Using the assumption made above, the following formula results from the distance d and driving period p between the locations L1 and L2 using the reference points R1 and R2.

dref (L1,L2) = droad(R1,R2) / dgeo(R1,R2) * dgeo (L1,L2) and

pref (L1,L2) = dgeo(R1,R2) / dgeo(L1,L2) * proad (R1,R2)

 

How to Use Truck Attributes for the Road Distance Calculation

The PTV xDima Server road distance calculation supports the manipulation of road attributes and restrictions by RoadEditor layers. In order to consider the RoadEditor attributes you have to set up the following configuration:

How to Calculate and Administrate Distance Tables - Technical Information

The PTV xDima module offers the functionality to calculate and administrate distance tables.

Import and export Dima file formats: Further information about the binary file formats and the text file formats can be obtained.

How to Watch the Progress of Jobs

Please find more general information on jobs (Asynchronous Protocol).

The service method calculateDistanceTable has a corresponding start-method startCalculateDistanceTable to start the calculation as a job. The synchronous method returns a Void object, the corresponding fetch-method is fetchVoid.

During the calculation the current progress can be watched using watchJob. This method returns an instance of DistanceMatrixProgress which delivers information on the number of rows to calculate and the number of rows already calculated.

Since there are no intermediate results for the distance matrix calculation, stopping a currently running job using stopJob will result in a user abort exception that will be returned by fetchVoid.

How to Configure the Directory of the Distance Matrices

By default the distance matrices will be stored in the subfolder data/dima until deleted by request. If need be, this folder can be changed in the file DimaCtrl.ini which can be found in the conf folder.

[Dima]
Root=data/dima

Under some circumstances such as a cloud installation it may be necessary to enter a path which is not located on the local machine but somewhere else on the network. This should be done with care as when multiple PTV xServer access the same distance matrix folder access violations may occur, for example when one PTV xServer calculates a distance matrix and another one on a different machine wants to access it. Therefore, subfolders are locked during access using the filesystem. Unfortunately, not all file systems, especially those for network shares do not support this locking feature. Windows or Linux (NFS) shares will be supported when all accessing PTV xServer are installed on the same operating system. Samba shares will not be supported.

If in doubt, check this by calculating a distance matrix on one machine and by deleting it from another machine at the same time.
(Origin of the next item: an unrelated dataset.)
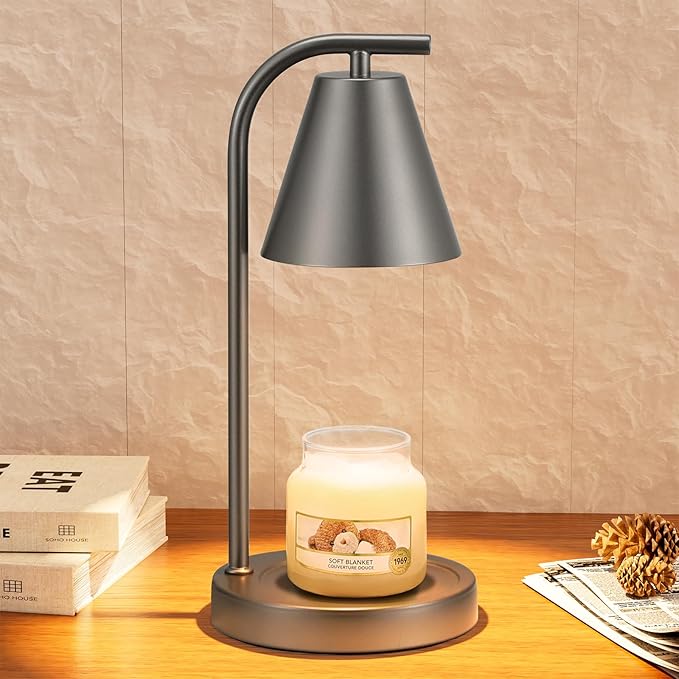 Grey Candle Warmer Lamp with Timer - Electric Candle Lamp for Scented Wax with 2 Bulbs - House Warming Gifts for Women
If deleting fails with an access violation which says that the distance matrix is locked, everything should be fine.

How to Use Tenant Namespaces for Distance Matrix IDs

IDs of distance matrices have to be unique in the scope of the PTV xDima Server: different users cannot use the same dima id in their requests and re-use their previously calculated distance matrices. To avoid such id conflicts, the id scope can be made user-specific by setting a tenant name for each user. The tenant name can be provided in two ways:

  1. In the header field 'x-tenant' of the xServer request.
  2. In the CallerContext property 'TenantId'.

The header field is meant to be set in a middleware that is responsible for user management, e.g. for PTV xDima Server as a private cloud service. If tenant names are used solely to provide user namespaces, you can use the CallerContext property instead. Both mechanisms can even be combined.

The tenant name is case insensitive and will be prepended to the numerical dima id requested by the user. Alpha-numerical dima ids will only be used internally for folder names of stored distance matrices. In exception messages or progress information, the numerical dima id is used.